Getting into the more achievable goals, there are more Minecraft maps at Minecraft Maps, MinecraftDL, 9Minecraft, etc. I don't even know if these sites have anything new or if it's all duplicates of things I already have. I haven't gone through them because adding a new site to the rotation is a lot of work, and these collections are very small compared to the Minecraft forum or Planet Minecraft.

Back in May 2014 I archived maps from Minecraft World Share and Minecraft World Map, but I haven't been back. It's a similar situation—they have a couple thousand maps but the collection is relatively small and doesn't grow quickly the way Planet Minecraft does.

The Technic Platform hosts thousands (not sure of the exact number) of Minecraft mod packs.

Adding to the Ephemeral Software Collection

My top wishlist item for the Ephemeral Software Collection is a way to archive all the Super Mario Maker levels. I have no idea how to do this—I suspect you need to mod a Wii U.

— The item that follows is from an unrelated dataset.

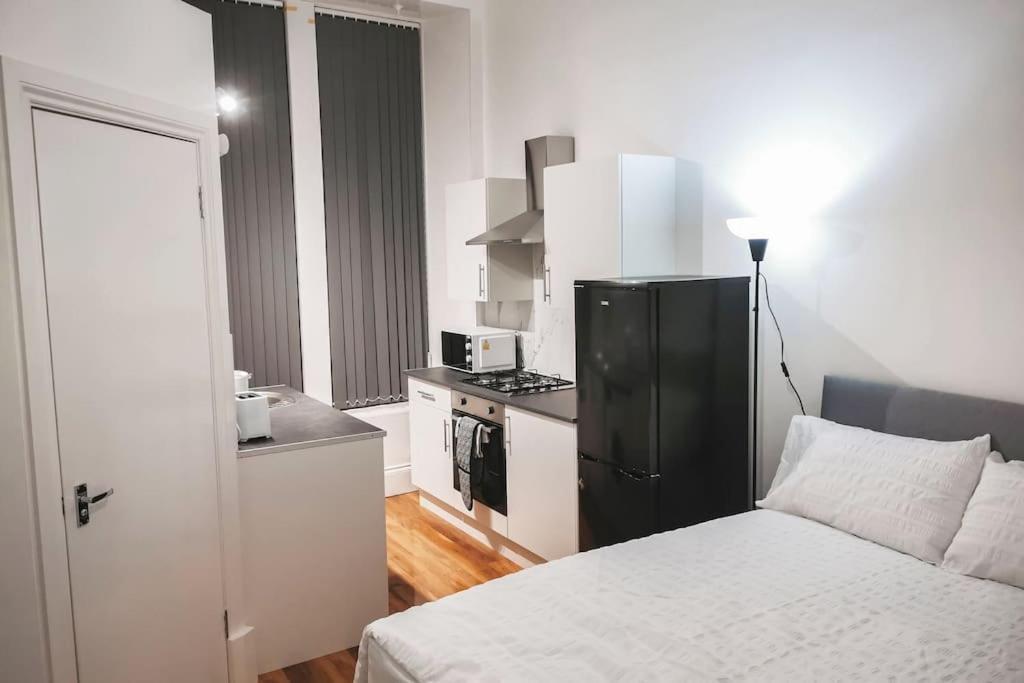 S.H Apartments Glasgow Bagian luar foto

Why am I concerned about Super Mario Maker? Because of what happened to Warioware D.I.Y.. Four years after this DS game was released, Nintendo shut down the servers that allowed you to share your minigames. Now the only way to collect old D.I.Y. levels is to buy old cartridges and rip them.

Steam Workshop hosts millions of add-ons for over 300 games, as well as screenshots and links to hosted videos. It seems extraordinarily difficult to download the files, though. I think it's impossible if you don't own the games, and you'll probably need to hack a Steam client if you want to download the add-ons in a systematic way.

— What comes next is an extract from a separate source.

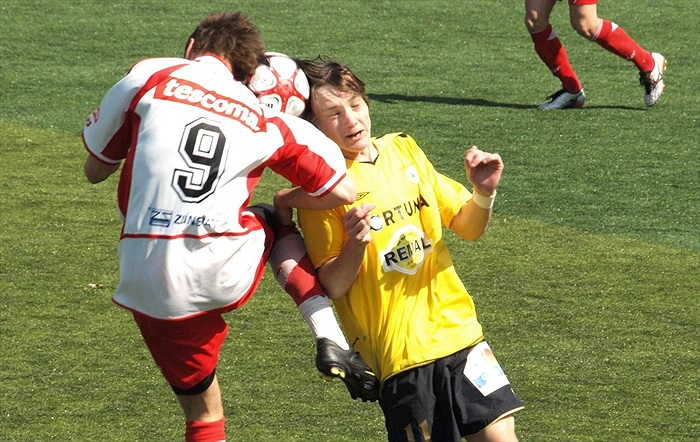 Zlín - Bohemians 1905 2:1 (0:1)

I'd like someone to archive all the board game rules and other files on BoardGameGeek. I regularly archive BGG game metadata for the Loaded Dice project, but getting the files is a much trickier proposition.

Youtube hosts petabytes of gaming videos, and there's no way to save it all, but it should be possible to archive a gameplay video for every game in MobyGames. It's also especially important to archive gameplay videos for mobile and online games, which can die as soon as the game studio shuts down a server.

Since ZZT started me on this project in the first place, I should make sure to mirror the ZZT archive, as well as the archive of its cousin Megazeux.

The Terraria forums have links to mods and maps.

Hacked console ROMs (Super Mario World, Sonic the Hedgehog, etc.) Big collection at Romhacking.net. I'm sure other people have private collections of these, so it's not as big a deal.

A wide variety of mods (and prerelease versions of games in development) at ModDB. Similarly, mobile games at SlideDB.

Civilization add-ons at CivFanatics.

The Sims mods at Mod the Sims.

Kerbal Space Program mods at Kerbal Stuff and KSP mods.

Nexus Mods hosts over 100,000 add-ons for over 200 games.

Glorious Trainwrecks archives thousands of quickly-created games.

In general

Whenever we humans create a new art form, the early stuff gets lost. It's not considered "art", it doesn't fit into the existing archives, it's a pain to collect, expensive to keep around, and nobody's in charge of saving it. So it gets lost. This is especially true for art forms favored by children or other people who aren't considered artists.

Time passes, and we regret the loss. We cherish every scrap that survives. Ninety percent of humanity's early films are gone, and a lot of the ten percent is crap, but we preserve it all because there's nothing else like it. Sometimes the crap turns out to be pretty good after all: pulp sci-fi and noir. Even ephemera, things that never get raised to the level of "art", become valuable as windows into the past: account books, restaurant menus, road maps, receipts.

I believe all this stuff is art and I want to save it. But even if history disagrees with me, and the MAP and the ESC are classified as ephemera, that's fine too. In the long run, it's all ephemera.